Song Yuxin

Personal information
- Born: 18 October 2005 (age 20) Beijing, China

Chess career
- Country: China
- Title: International Master (2023) Woman Grandmaster (2023)
- FIDE rating: 2452 (July 2026)
- Peak rating: 2462 (May 2026)

= Song Yuxin =

Chinese chess player (born 2005)

Song Yuxin (宋宇新; born 18 October 2005) is a Chinese chess player who holds the titles of Woman Grandmaster (2023) and International Master (2023). In 2024 she won individual bronze medal in 45th Chess Olympiad (women).

==Biography==
Song Yuxin has represented her country in the World and Asian Youth Chess Championships. In 2018 she won silver medal in World Youth Chess Championship in girls U14 age group.

Since 2020, Song Yuxin regularly participates in the finals of the Chinese Women's Chess Championships.
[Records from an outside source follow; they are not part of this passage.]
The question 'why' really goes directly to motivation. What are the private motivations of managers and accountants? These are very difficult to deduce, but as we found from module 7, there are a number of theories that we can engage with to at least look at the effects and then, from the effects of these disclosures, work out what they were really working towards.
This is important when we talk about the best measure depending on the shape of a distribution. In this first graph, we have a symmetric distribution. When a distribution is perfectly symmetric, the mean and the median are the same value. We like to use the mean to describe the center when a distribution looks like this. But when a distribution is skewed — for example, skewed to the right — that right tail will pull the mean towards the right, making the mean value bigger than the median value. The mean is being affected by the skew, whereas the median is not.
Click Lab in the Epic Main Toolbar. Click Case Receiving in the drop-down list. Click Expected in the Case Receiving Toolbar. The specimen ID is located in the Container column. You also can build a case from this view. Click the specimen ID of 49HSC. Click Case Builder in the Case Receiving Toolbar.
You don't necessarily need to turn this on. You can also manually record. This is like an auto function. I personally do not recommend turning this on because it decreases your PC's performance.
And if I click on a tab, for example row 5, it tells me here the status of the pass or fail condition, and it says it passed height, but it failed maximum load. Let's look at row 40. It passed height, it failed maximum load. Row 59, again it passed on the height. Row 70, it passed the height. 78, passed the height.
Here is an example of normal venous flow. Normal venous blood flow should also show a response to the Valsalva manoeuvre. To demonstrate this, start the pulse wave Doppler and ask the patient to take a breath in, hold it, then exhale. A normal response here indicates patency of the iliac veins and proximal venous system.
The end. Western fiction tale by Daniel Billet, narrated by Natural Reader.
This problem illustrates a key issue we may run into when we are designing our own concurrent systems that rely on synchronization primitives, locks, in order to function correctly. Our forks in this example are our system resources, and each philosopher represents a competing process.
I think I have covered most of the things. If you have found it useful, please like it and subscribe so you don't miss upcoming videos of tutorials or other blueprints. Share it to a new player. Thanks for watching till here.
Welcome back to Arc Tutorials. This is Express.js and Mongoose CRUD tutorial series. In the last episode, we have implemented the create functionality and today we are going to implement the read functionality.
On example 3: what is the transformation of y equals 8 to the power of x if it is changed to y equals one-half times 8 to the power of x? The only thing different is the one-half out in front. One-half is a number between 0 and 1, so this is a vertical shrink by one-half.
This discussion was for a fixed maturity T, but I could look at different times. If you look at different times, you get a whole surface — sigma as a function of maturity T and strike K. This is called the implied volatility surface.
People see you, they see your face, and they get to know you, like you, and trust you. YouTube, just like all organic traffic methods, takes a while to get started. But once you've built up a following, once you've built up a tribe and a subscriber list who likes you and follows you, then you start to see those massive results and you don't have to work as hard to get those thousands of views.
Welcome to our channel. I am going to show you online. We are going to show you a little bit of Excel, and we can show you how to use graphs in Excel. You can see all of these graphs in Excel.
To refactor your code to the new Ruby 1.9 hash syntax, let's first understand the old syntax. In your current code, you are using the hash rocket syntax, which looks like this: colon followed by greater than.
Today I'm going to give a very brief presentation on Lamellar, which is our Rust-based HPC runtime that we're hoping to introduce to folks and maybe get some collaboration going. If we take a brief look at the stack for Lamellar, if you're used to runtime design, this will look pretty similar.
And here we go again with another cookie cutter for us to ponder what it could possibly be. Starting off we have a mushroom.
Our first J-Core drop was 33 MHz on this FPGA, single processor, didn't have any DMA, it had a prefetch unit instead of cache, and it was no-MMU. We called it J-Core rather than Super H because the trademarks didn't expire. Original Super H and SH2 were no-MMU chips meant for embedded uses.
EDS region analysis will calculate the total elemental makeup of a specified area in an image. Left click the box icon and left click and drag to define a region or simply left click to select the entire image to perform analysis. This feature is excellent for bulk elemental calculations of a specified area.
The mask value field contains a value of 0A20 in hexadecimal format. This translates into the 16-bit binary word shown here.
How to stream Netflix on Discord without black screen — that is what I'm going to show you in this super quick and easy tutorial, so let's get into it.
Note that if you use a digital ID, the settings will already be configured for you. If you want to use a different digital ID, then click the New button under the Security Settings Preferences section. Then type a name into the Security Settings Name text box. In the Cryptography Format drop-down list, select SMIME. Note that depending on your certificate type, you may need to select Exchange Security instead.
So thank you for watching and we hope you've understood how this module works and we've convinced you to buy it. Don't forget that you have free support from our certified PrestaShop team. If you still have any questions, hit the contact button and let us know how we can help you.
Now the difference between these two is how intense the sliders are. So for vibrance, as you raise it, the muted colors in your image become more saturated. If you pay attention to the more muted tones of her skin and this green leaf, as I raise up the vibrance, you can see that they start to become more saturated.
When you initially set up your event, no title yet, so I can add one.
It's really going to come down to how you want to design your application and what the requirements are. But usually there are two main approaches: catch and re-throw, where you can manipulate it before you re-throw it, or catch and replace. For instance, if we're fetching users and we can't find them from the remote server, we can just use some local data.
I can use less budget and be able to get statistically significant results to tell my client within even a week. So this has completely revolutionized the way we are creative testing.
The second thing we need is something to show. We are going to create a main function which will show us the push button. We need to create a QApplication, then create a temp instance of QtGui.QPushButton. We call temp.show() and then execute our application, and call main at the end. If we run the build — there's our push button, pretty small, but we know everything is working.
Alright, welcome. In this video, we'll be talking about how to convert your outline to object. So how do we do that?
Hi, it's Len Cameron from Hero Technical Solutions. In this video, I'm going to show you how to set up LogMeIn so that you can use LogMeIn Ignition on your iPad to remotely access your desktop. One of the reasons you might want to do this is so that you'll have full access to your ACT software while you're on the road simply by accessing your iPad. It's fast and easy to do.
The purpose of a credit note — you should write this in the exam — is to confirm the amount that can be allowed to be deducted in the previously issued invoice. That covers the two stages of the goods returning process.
Her best achievement in this tournaments is 2nd place in 2023.

Song Yuxin played for China in the Women's Chess Olympiad:
- In 2024, at second board in the 45th Chess Olympiad (women) in Budapest (+5, =4, -0) and won individual bronze medal.

In 2019, she was awarded the FIDE Women International Master (WIM) title and received the FIDE Women Grandmaster (WGM) and International Master (IM) titles four years later.